If you are looking for a very similar book with a bit more of the background work fleshed out, his book, How to Talk About Jesus (Without Being That Guy), will be more your thing. It’s about twice the length and he gives more of his reasoning. But if you are looking for short, accessible, and practical, then this is the book for you.

So, what’s Chan’s advice? Here’s his 10 tips.

  1. Be realistic about your conversations. There is the temptation to aim to get the whole gospel message presented in a conversation—that’s not usually possible given the way informal conversation works. Also, once our friends know what we think about a subject, they aren’t likely to change their minds just because we bring it up again. How we live in these situations will end up being as important as what we say.
  2. Hospitality is important. Go to the effort of inviting people over and make sure you accept their invitations when they invite you.
  3. Learn how to shift the conversation to a deeper level and gauge whether your conversation partner is comfortable with that. Conversations move deeper as you shift from talking about interests to values, and from values to worldview. We can develop skills in moving conversations along that continuum.
  4. Grow in active listening. Among other things, this involves reflecting back what a person has said to check we’ve heard them correctly and demonstrate we’re keen to understand what they have to say.
  5. Cultivate the art of conveying our point of view. Sometimes the Christian worldview will jar significantly in our culture—it’s important to be able to put that view winsomely. Chan uses a couple of techniques: deferring to Jesus’ point of view and explaining it by telling stories from the Bible.For me this chapter is a sudden change of gear. We move from things that are easy to take on board, even obvious, in the first four chapters, to something that will take dedicated training and coaching to improve on. No one is going to master this art just by reading the chapter.
  6. Learn how to get non-Christians to question their own worldview. This again is high level stuff. Chan’s technique is to ask non-Christians to justify where they got concepts such as freedom and human rights from—concepts secular culture borrows from Christianity in an unattributed fashion. This is both difficult to do well and only useful when talking with non-Christians who have a reasonable level of intellectual sophistication.
  7. Employ positive apologetics. In my university days, apologetics was always defensive—learning good responses to people’s objections. Chan’s point here is that now we can focus on why people would actually want Christianity to be true. You want to believe in a God of love? Christianity gives a sensible reason why a God of love exists. Nothing else does. In my opinion, this is the most important insight in the book. We need to put in the hard work to be able to converse in this way. I think it is possible to engage in this positive apologetics without it becoming the kind of intellectual exercise that is only applicable to a small portion of the population. It’s about painting the picture of the Christian faith that reveals some of its beauty. One way this can be done is with stories that are engaging for a wide cross-section of the community.
  8. Use wisdom to commend the gospel. Following Jesus ought to result in a life that works because we live according to the Maker’s instructions. When people see your life is working and want to know why, you can point them to the source of Wisdom.
  9. If you demonstrate consistent interest in people’s lives then they will begin to see you as something of a chaplain to them. You will have opportunities to pray for them or speak words into difficult moments.In my experience we need to on our guard against the temptation to view the chaplaincy as an end in itself. If you’ve had the opportunity to pray with someone or been there for them to unload their problems to, you mustn’t think the job is done. We need to be watchful for opportunities to take the next step of inviting folk to church or explaining the gospel message.
  10. Finally, be on the lookout for crisis moments. People are more open when they are desperate. So, when someone is desperate, drop what you are doing and be there for them.

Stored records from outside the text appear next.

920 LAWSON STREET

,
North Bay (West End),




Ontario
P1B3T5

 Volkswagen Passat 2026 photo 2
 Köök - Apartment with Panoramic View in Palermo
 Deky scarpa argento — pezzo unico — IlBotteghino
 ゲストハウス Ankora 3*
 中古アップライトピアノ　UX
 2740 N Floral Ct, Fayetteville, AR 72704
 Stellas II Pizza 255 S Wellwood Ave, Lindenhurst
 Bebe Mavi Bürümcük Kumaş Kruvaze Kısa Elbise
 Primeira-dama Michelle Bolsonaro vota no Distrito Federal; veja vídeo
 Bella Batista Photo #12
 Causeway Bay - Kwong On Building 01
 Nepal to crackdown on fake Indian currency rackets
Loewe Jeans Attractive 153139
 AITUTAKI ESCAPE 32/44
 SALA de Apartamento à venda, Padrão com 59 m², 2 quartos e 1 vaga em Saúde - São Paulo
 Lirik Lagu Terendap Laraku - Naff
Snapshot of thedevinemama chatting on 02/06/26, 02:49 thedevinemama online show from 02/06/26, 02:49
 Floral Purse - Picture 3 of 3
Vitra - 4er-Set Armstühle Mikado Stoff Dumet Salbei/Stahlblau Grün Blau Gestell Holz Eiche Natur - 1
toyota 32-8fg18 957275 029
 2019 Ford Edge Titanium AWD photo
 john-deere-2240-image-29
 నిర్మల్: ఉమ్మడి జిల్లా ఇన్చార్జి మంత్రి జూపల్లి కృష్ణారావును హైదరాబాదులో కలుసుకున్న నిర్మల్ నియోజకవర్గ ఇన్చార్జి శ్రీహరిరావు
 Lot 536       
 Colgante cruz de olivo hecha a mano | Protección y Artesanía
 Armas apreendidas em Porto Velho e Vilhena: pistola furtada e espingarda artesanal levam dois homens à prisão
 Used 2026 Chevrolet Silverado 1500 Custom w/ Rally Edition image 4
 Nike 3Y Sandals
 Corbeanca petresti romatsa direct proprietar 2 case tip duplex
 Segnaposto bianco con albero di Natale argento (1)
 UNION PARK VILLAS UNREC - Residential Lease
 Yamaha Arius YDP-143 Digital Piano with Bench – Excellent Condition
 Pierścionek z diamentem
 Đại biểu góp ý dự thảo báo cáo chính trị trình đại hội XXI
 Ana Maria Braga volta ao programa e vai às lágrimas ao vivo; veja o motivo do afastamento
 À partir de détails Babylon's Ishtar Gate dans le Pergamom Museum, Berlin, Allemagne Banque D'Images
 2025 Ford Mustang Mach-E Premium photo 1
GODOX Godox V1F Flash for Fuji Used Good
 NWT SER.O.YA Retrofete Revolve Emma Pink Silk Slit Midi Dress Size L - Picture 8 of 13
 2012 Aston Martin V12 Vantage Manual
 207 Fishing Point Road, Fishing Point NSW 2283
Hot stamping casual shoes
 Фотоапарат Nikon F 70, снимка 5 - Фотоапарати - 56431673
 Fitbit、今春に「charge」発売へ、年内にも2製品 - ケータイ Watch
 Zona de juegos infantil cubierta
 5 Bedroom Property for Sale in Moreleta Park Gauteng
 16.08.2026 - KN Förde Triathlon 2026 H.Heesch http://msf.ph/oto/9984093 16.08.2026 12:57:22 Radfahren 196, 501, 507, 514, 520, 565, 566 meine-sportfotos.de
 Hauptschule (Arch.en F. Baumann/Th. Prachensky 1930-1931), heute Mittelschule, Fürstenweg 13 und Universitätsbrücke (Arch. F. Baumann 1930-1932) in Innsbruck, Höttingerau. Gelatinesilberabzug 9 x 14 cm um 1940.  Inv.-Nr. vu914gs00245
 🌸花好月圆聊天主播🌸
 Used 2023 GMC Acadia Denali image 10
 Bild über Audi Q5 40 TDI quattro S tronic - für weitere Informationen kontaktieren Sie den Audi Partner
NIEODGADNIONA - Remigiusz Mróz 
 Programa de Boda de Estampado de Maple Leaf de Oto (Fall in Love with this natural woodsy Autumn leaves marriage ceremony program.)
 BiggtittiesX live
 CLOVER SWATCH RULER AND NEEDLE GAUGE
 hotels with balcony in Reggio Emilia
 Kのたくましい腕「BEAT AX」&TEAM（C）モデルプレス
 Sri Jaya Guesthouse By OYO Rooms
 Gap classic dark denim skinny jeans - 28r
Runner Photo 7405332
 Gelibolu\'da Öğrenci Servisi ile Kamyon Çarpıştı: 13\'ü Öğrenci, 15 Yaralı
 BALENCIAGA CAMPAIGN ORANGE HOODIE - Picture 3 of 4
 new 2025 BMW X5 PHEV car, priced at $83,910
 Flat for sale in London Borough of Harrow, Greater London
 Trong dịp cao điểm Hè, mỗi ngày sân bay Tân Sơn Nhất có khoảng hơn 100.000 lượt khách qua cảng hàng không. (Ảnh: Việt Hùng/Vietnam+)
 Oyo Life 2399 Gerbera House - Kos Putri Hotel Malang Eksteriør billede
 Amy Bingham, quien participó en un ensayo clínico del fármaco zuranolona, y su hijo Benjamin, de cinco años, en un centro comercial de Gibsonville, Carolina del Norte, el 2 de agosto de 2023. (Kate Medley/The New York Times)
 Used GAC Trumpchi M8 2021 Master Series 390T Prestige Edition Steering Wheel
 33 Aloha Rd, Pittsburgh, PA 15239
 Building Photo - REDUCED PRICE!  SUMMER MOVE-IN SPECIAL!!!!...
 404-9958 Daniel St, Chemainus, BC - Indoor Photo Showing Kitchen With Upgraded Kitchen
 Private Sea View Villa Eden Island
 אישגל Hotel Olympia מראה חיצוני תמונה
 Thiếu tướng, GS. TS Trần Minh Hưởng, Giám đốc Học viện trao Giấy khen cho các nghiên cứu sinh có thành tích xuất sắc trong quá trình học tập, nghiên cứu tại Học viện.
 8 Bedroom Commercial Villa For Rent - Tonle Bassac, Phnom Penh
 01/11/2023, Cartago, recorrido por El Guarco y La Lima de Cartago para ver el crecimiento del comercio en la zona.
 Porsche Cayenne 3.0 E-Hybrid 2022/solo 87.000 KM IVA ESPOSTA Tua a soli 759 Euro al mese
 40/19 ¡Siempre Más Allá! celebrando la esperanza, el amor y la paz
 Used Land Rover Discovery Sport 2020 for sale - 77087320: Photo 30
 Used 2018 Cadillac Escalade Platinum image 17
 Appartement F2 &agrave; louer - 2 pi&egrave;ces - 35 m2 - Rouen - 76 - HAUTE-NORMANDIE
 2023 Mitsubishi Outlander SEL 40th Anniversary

My overall assessment is that this is a useful book. Some of Chan’s advice is the kind of helpful encouragement that is easy to take on board and act on. Other parts of his advice, particularly tips 5-7, are going to take significant effort even for those who are keen and good with words.

But if you believe in evangelism (and you probably do), then having gospel conversations with unbelievers is an important skill to develop.